Hello @williams2
You might be interested in FreeForth
I will definitely look at FreeForth. I spent a lot of time with stack-machines similar to Forth.
I started a new topic, because my earlier "Q" was about the 6809 LEAX/LEAY instruction. But you mentioned Forth and Pythagorean squares. (Ha! I worked in a laboratory once. They had an Olivetti programmable calculator. On weekends I set it going calculating prime numbers. Very exciting, printing prime numbers! Would calculate for a whole weekend; on Mon AM would collect a long list of (very interesting) primes. This machine had a 256 program memory. Probably a mercury delay line (or something like that ... Have no idea how much it cost ... but I'll bet it was expensive ...) Yes, I'm quite mad. What's interesting about prime numbers?
I attached the first few pages of assembly code for a Forth-like engine I wrote for the 68HC11.
Few people will be interested so ... Plus - the original listing is over 500k, so I trimmed it - a lot. The first few pages will give an idea of capability. Nothing to do with Puppy/Linux/Bash, so ....
I say "Forth-like" because I got original source (for an 8085) from the chemistry dept of UoArizona.
Two fellows called Tilden/Bonner. Very generous.
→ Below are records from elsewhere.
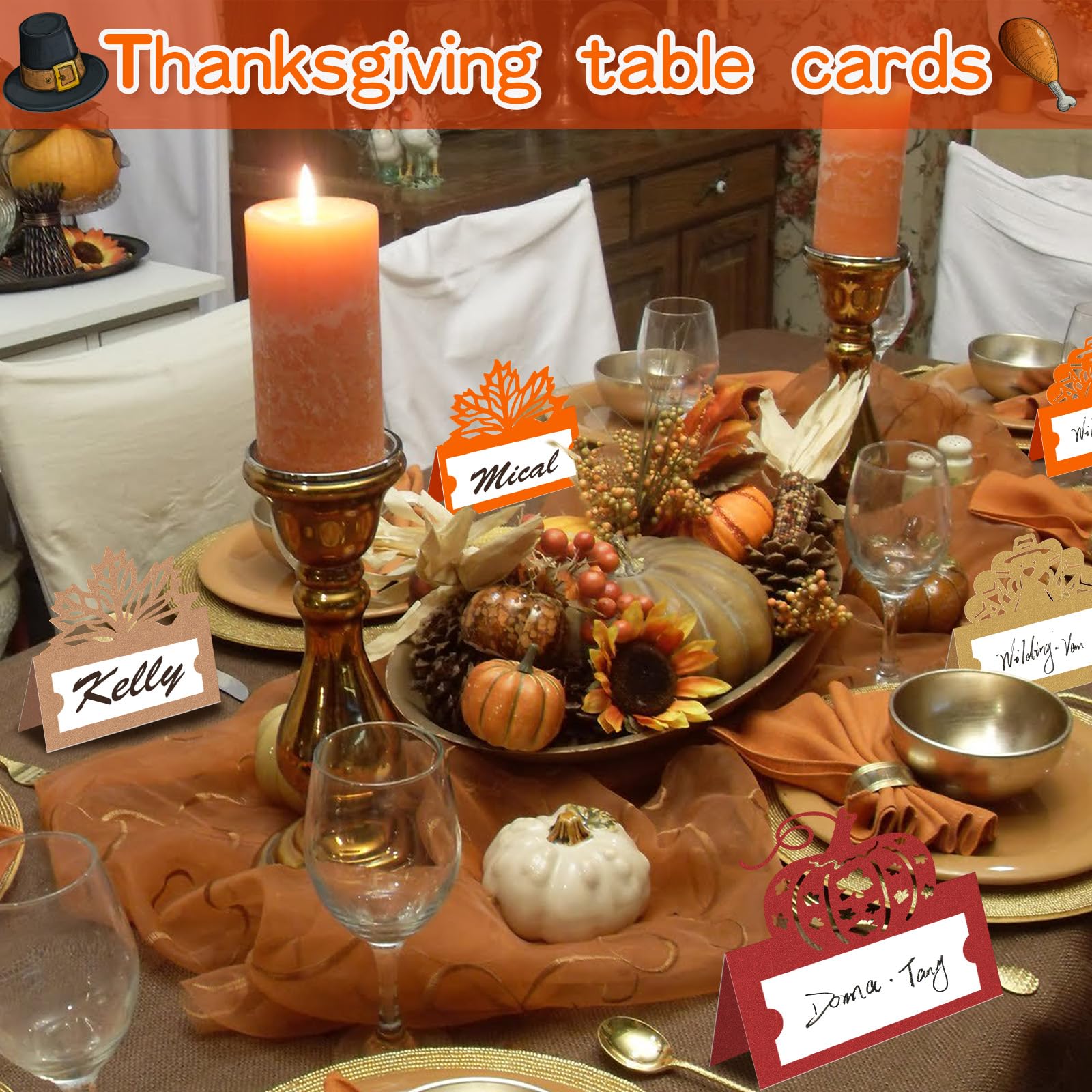 48 Pcs Thanksgiving Place Cards Thankful Greeting Cards Maple Leaf Pumpkin Turkey Place Cards for Table Setting, Thanksgiving Place Settings for Dinner(3.9 x 3.9 inches)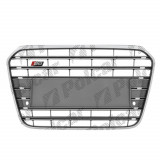 Grila masca fata AUDI A6 (4G/C7), 01.2011-06.2014,cu 2 gauri pentru Senzori de parcare (PDC); cromat/negru; fara emblema, Rapid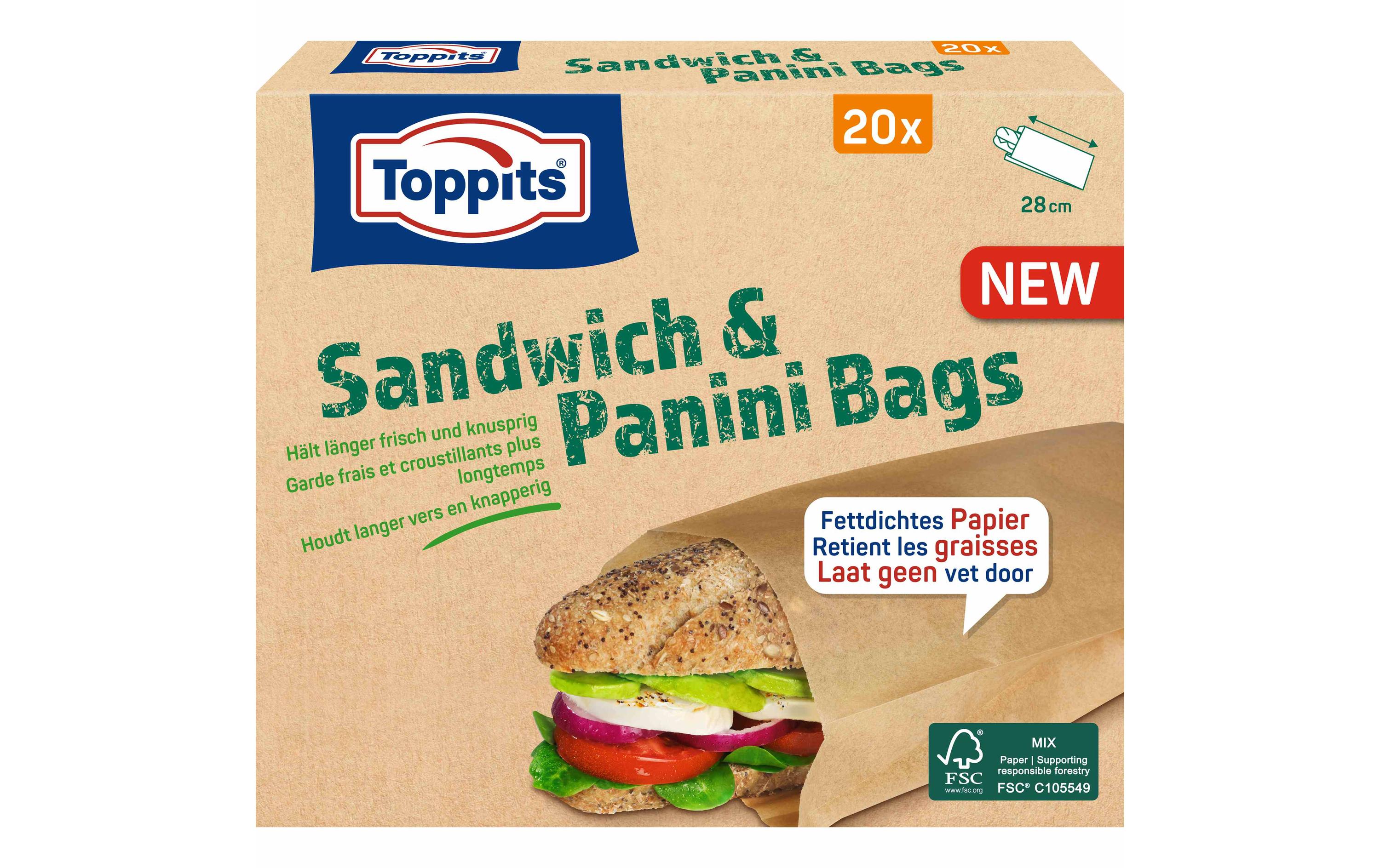 Toppits Sandwichbeutel 28 × 12 cm, 20 Stk., Papier, Beige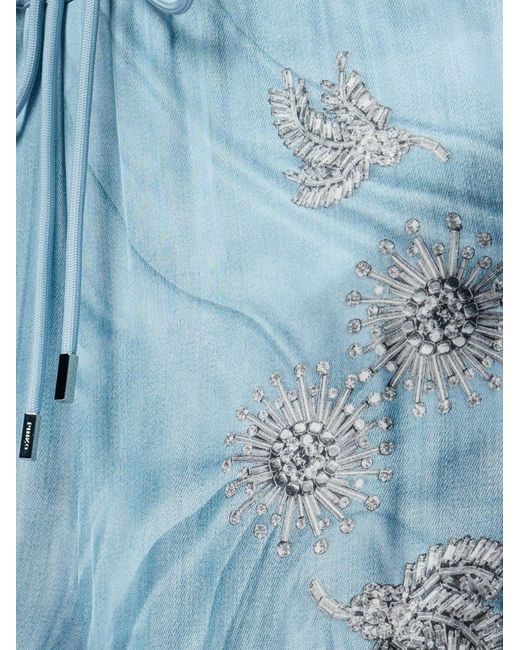 Pinko Blue Viscose Trousers With Adjustable Waistband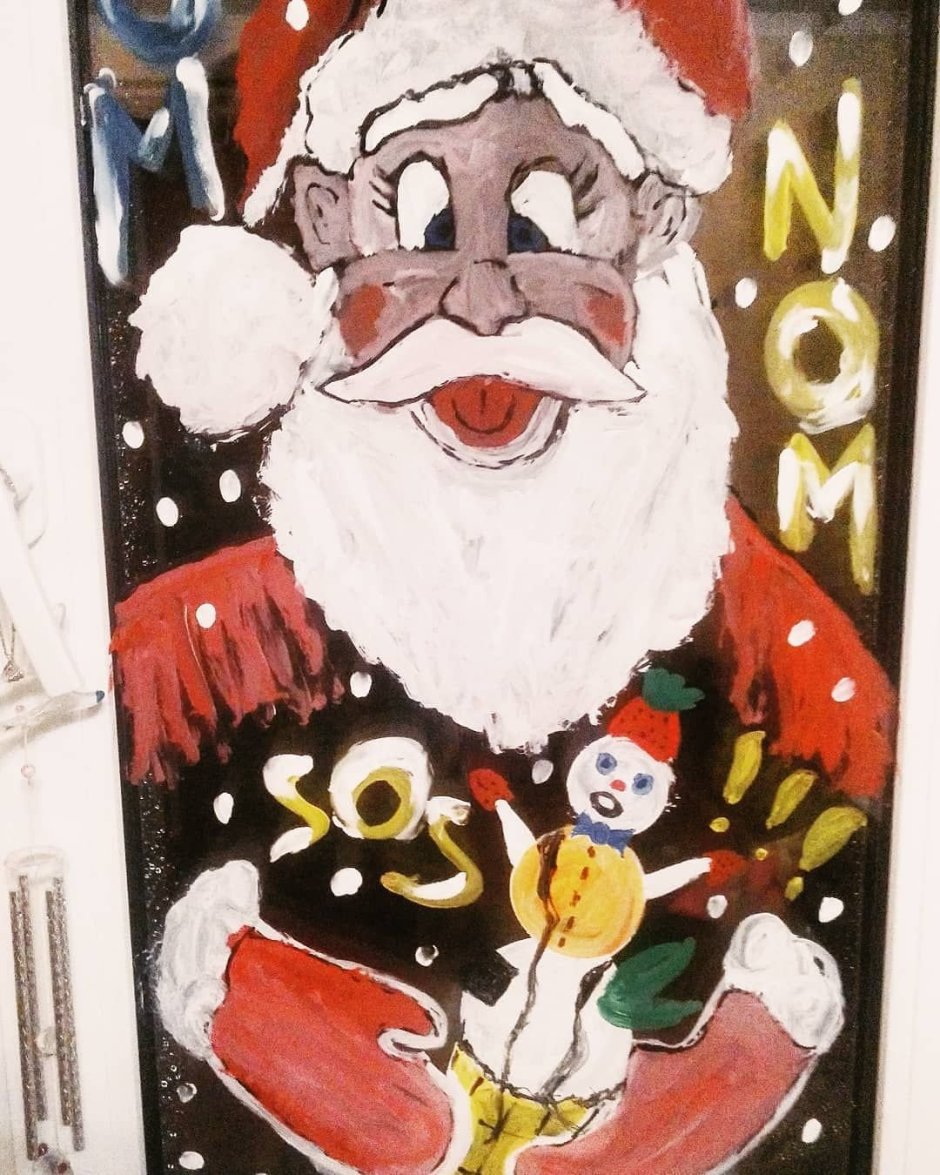 Дед Мороз на окне красками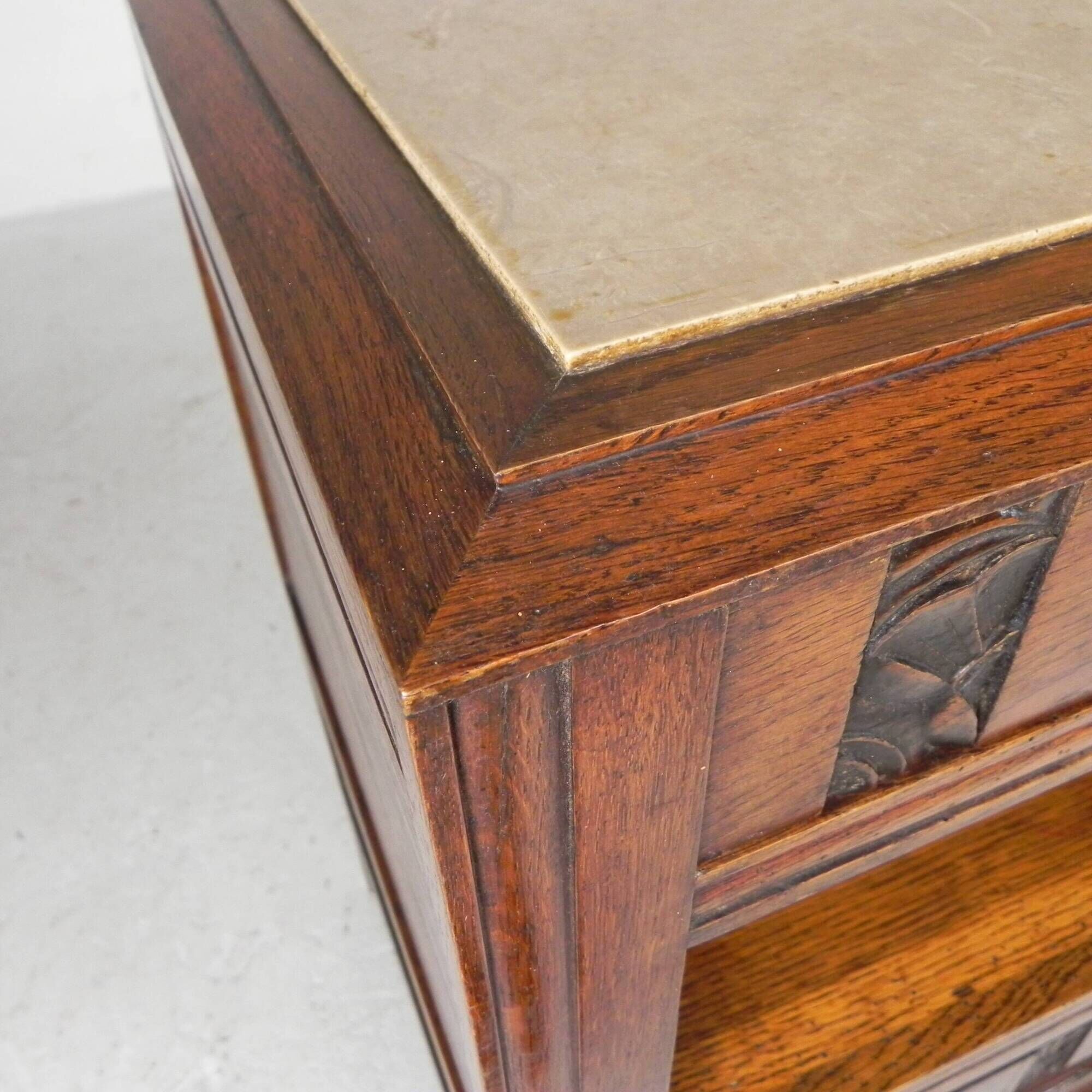 Art Deco bedside table with marble top, 1930s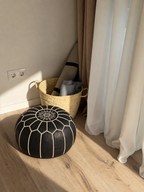 leather ottoman pouf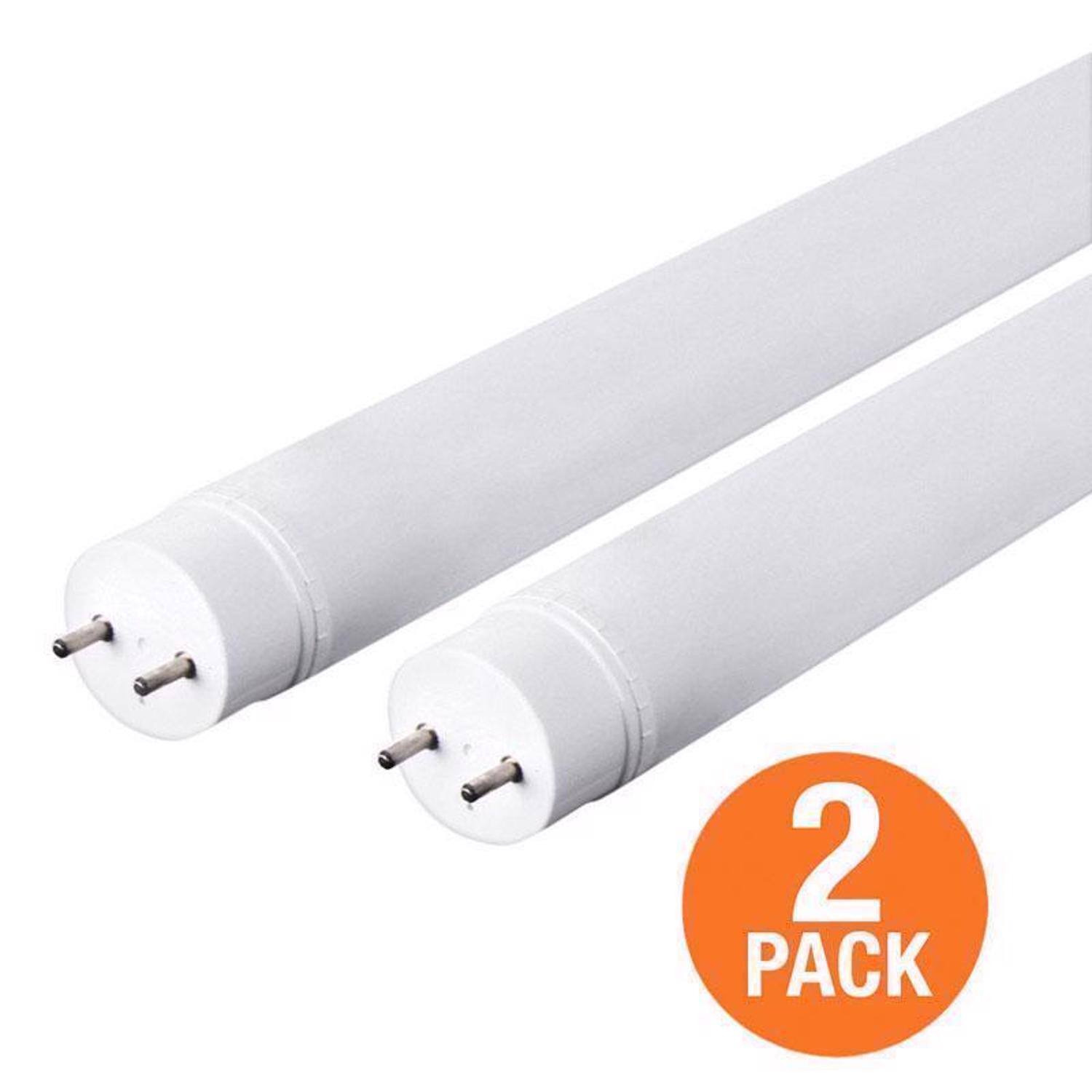 Left. FEIT ELECTRIC - Feit Plug & Play T8 Cool White 47.5 in. Bi-Pin T8 LED Bulb 32 Watt Equivalence 2 pk.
They asked that I retain/acknowledge their design as "Convers". I did that - even when I re-coded for a completely different uP. The 'HC11 version is interrupt-driven. I extended the concept of Forth "words" so that a work-space (with a separate stack) was allotted to a 'task'. Generally every task began on arrival of an interrupt. So ... do nothing until needed.
I wrote software to control an experimental brick-laying machine in the Convers language.
The program would measure distance travelled and "do things" to bricks and water and so on.
I've seen a small 8085 CPU run 4 loss-in-weight feeding systems simultaneously; the program calculated loss-in-weight by fitting a line of best fit to readings from a weighing-deck using the least-squares method.
Task hierarchy in the 'HC11 program was allocated by order in a "task-table". There were 8 task-spaces available.
Task switching was done by an optically isolated signal from the "outside" and based on assigned priority.
If a higher priority task interrupted a lower-priority task then the higher task would run to completion. After that the lower priority task would resume where it was interrupted.
I wrote this in 'HC11 assembly language. The code would be more elegant for a 6809 - but the '09 lacks the hardware capability of the 'HC11. The 'HC11 is a true microprocessor. The '09 is an 8-bit version of a mini-computer and would run C code very nicely. I say that because C is fundamentally a language built over a stack machine. But I'm rambling now; excuse me. I'll stop.